Flexible - This network is constantly changing. Just like a service provider, we’re changing our deployment, and so is the application’s team. Hence, on any given day, this network changes and we need to be able to adapt to that.

So, in summary the solution we find for this complex routing problem needs to be able to handle all of these three properties. It’s for this reason we arrived at RabbitMQ. So, with RabbitMQ we were still able to preserve the complex routing happening behind-the-scenes and we could really focus on the part that was actually relevant for us – the endpoints.

Let’s say an application would like to send two market data requests to our service. The only thing that it needs to do is populate the RabbitMQ with the appropriate Service ID. Once it does that, our topic exchange handles the rest. So, let’s say Application 1 would like to send to our Blue cluster deployment. It populates the routing key. That message is sent to the topic exchange and routed appropriately. For the Red message to our Red cluster, same deal: populate the routing key and everything else falls into place accordingly.

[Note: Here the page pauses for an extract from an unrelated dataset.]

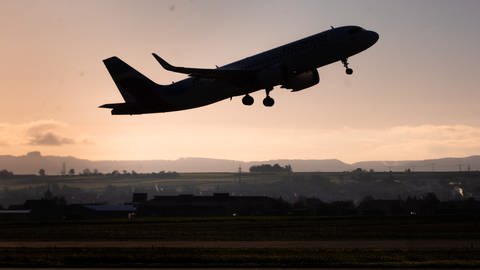 Wer im Jahr 2023 in den Urlaub fliegen möchte, sollte frühzeitig buchen. (Foto: dpa Bildfunk, picture alliance/dpa | Christoph Schmidt)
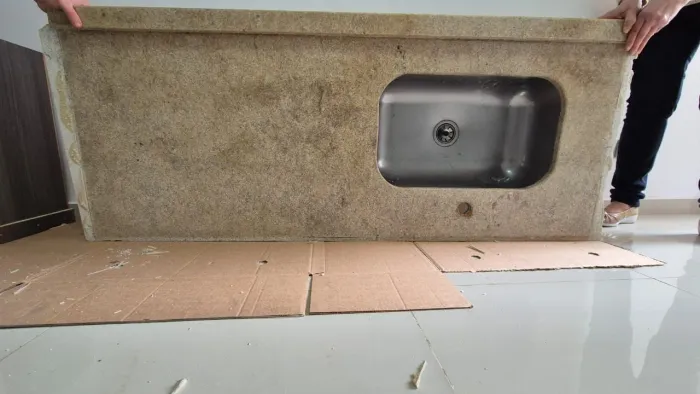 Tampo pia de cozinha em granito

Let’s say someday, in the future, we would like to bring up a new Purple deployment. Well, the application can follow the very same logic - populate the key and everything else is the same. Use the same connection to the exchange and the message simply arrives at the intended destination. This was really useful to us because we were now focusing on the relevant parts – the Producer where we populate the message body, and the Consumer where we declare the queue. Everything else in between is handled for us. We don’t have to worry about it.

Routing Success Story

If we fast-forward to today, my team has found RabbitMQ to be a huge success story. So, looking at the graph shown here, you’re seeing the number of messages we publish over every single week. In recent months, this value has reached well over 200 million messages every single week and at peak times this reaches to tens and thousands of messages in just one second.

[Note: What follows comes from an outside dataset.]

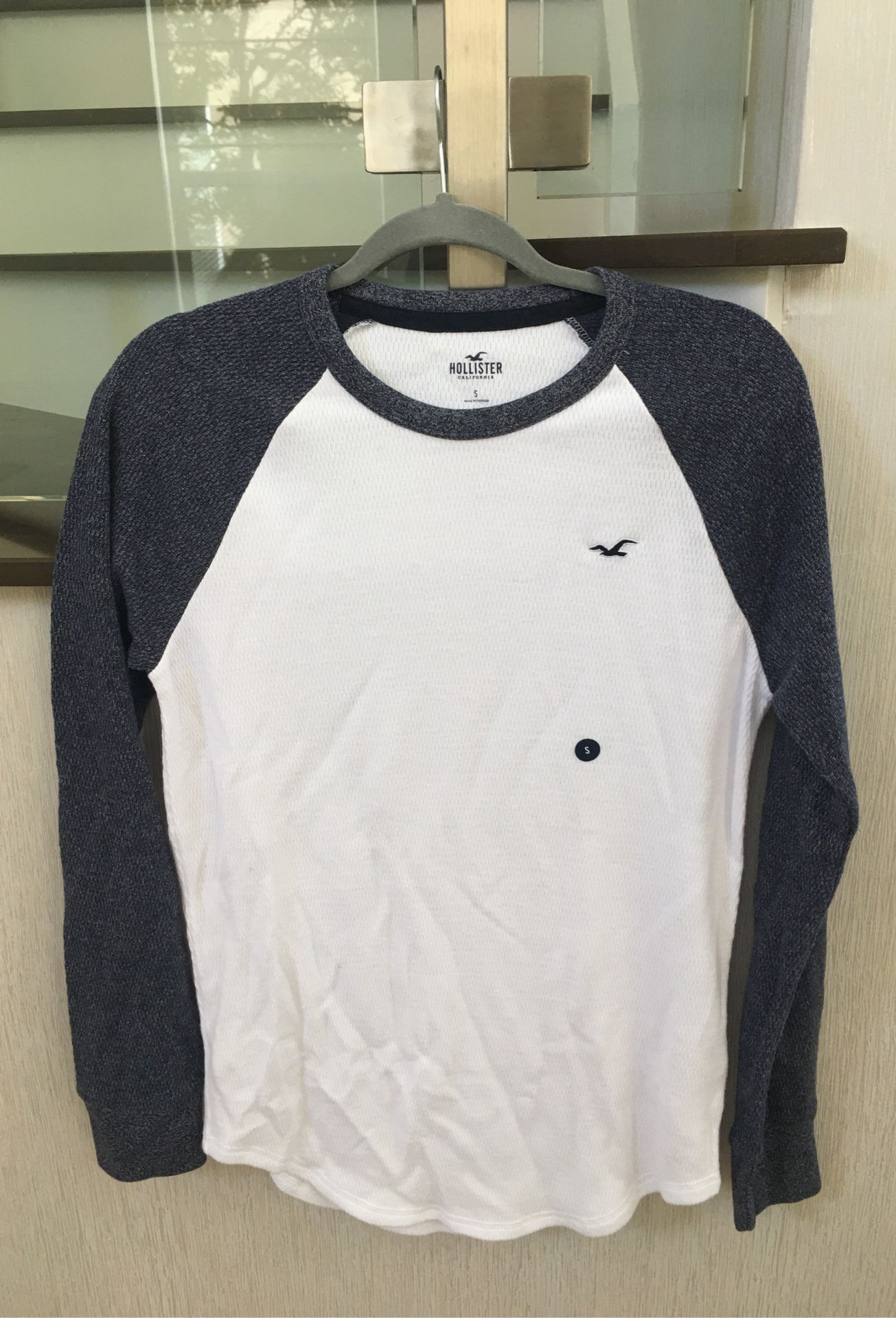 New Hollister long sleeve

This leads to the second topic on how did we scale RabbitMQ out-of-the-box? To do that, I’m going to focus on one particular aspect of our architecture. In the diagram, you saw our original setup before, which were applications, directly connecting to the Vhosts. While this was enough in the beginning as our team grew and the number of applications calling us also increased, later we ran into a few problems.

Issue 1: Losing Control of Connections

The first was that we just lost control of the connections made to the Vhost ad this manifested into two primary ways. The first was that we lost control of the types of connections. So, many of you probably know that there are permanent and temporary connections. When we directly exposed the Vhost, the applications were free to make any number of temporary connections to our system. This would immediately lead to some pretty wasteful connection churn and undermine our performance.

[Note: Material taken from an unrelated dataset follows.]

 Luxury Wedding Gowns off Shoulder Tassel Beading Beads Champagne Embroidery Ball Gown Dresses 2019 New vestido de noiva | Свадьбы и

The second way this issue manifested was that we were vulnerable to exceeding our policy quotas. As already stated, every Vhost has a policy that includes a quota on the number of connections. By exposing the Vhost, we made ourselves vulnerable to violating this policy as shown here.

Issue 2: Excess Information Exposure

The second issue that we ran into was exposing a lot of information to the client. Again, as already discussed earlier, in order to contact the Vhost, the application needs to use a certain kind of API client library. In our case, our client library contains a lot of details like how do we populate the message, how do we handle Acknowledgements (to be discussed later). But, right now, what's important is that this ultimately hindered both sides from the caller point-of-view. Now, their development was tied to our library rollout and from our service point-of-view. They made it harder to make changes to the list library and we were also revealing a lot of details that should have been hidden from our callers.

Message Flow

So, with these two issues in mind, we added a new component to our infrastructure - a gateway. The gateway is the only component connected to our RabbitMQ setup. How these all come together? Just as before, when an application is sending a market data request to our system what first happens is that the message is sent to the Gateway which forwards it to the exchange. The exchange routes based upon the routing queue. Now, our message is sitting on a queue dedicated to the work stream. An available consumer, can then take up that request and generate the market data to populate a response.

That response containing the data is sent back to the same exchange placed onto a private response queue and then the data is returned to the caller who can proceed with its high-level business logic. So, this is how all the pieces come together and the overview of our system.

Scenario: Scaling Gateway from Throughput

Now I’m going to go into the details of how we scale this system up and in particular I’ll focus on the individual components and leverage a few examples from our financial domain. So, the first relevant example from the financial domain is to take a look at the kind of traffic my team receives.

The graph here depicts the number of requests we receive over the course of a typical day. It really stands out how spikey traffic is. In particular you can see a huge spike at around 5 pm. This could be for a lot of different reasons. Maybe one of our callers is running a huge batch job after the stock market closes. Many different reasons here, but from our perspective one key challenge we need to take on is how do we take in as many messages as possible before dropping them, the primary way we tackle this is by scaling the number of gateways connected to our exchange.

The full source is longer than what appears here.